(Data to examine begins)

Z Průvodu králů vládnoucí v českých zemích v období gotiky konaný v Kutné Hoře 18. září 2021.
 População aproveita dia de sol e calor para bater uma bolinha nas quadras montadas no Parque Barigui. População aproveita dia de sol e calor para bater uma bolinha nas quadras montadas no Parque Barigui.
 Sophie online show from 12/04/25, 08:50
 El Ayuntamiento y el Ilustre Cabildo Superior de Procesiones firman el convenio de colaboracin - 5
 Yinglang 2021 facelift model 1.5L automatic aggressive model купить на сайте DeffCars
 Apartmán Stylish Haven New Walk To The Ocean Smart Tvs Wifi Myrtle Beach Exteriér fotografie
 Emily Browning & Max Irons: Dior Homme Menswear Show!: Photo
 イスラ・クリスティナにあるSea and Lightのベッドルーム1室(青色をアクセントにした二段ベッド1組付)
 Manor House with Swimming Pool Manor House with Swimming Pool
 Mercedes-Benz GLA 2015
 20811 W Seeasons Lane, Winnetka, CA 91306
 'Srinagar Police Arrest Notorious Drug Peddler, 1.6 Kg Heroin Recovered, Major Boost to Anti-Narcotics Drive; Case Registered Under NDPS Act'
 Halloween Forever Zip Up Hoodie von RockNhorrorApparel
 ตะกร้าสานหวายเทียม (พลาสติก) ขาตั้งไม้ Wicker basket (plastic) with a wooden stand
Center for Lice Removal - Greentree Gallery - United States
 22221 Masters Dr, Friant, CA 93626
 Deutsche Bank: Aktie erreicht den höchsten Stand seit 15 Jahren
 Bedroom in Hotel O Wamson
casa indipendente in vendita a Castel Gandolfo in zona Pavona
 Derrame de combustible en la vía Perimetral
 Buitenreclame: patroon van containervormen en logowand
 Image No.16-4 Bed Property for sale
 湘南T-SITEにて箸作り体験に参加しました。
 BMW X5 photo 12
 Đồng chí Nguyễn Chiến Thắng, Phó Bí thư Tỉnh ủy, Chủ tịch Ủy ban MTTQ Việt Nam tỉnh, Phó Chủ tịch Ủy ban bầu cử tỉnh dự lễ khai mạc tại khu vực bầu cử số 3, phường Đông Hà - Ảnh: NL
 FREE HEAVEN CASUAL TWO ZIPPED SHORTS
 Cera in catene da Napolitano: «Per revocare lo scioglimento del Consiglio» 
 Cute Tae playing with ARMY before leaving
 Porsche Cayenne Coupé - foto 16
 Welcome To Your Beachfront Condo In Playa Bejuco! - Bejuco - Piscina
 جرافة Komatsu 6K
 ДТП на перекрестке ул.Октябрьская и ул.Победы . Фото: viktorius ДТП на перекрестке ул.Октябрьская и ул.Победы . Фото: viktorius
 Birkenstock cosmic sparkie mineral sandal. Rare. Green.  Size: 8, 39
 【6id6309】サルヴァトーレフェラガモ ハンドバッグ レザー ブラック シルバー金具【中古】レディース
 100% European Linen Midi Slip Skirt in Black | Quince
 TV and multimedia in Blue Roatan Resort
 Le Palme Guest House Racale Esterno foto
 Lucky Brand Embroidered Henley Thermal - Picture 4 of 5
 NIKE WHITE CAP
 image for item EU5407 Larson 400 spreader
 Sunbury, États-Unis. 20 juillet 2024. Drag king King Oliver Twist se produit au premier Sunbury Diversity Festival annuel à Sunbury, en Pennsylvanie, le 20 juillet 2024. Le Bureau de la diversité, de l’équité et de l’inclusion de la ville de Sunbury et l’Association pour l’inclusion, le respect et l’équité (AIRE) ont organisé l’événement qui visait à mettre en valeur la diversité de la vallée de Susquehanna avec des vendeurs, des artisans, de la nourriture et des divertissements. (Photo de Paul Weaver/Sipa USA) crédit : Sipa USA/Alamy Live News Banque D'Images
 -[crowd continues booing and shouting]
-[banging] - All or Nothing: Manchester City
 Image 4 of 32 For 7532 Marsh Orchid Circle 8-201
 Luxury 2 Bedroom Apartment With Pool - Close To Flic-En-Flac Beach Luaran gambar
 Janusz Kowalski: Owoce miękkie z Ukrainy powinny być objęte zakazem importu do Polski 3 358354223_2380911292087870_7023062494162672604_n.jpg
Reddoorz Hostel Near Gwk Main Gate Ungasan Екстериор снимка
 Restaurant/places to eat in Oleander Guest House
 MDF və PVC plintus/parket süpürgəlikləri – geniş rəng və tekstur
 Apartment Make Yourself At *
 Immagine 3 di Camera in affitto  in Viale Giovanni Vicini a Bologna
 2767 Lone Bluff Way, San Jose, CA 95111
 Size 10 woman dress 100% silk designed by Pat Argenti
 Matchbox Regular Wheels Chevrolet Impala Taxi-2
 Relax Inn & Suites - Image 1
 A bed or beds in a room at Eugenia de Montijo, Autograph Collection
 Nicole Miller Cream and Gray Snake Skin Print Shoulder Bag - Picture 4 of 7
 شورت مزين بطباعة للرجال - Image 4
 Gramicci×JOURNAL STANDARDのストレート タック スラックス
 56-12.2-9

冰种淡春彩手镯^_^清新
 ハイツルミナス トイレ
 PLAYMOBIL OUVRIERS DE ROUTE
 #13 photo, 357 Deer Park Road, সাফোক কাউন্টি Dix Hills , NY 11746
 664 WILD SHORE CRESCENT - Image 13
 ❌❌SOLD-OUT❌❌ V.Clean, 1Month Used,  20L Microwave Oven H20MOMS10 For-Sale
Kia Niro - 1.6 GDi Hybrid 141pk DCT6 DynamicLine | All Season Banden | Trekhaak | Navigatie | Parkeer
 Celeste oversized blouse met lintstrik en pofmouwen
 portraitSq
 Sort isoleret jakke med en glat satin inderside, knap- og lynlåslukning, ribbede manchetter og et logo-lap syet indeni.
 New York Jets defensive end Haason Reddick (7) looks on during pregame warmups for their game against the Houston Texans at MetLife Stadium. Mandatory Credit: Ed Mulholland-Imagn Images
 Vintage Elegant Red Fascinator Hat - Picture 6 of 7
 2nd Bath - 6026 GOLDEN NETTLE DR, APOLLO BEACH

(Data to examine ends)

== Prompt ==
Search the listing above for the word "Guest", and copy every line that has it.

== Written reply ==
 Le Palme Guest House Racale Esterno foto
 Restaurant/places to eat in Oleander Guest House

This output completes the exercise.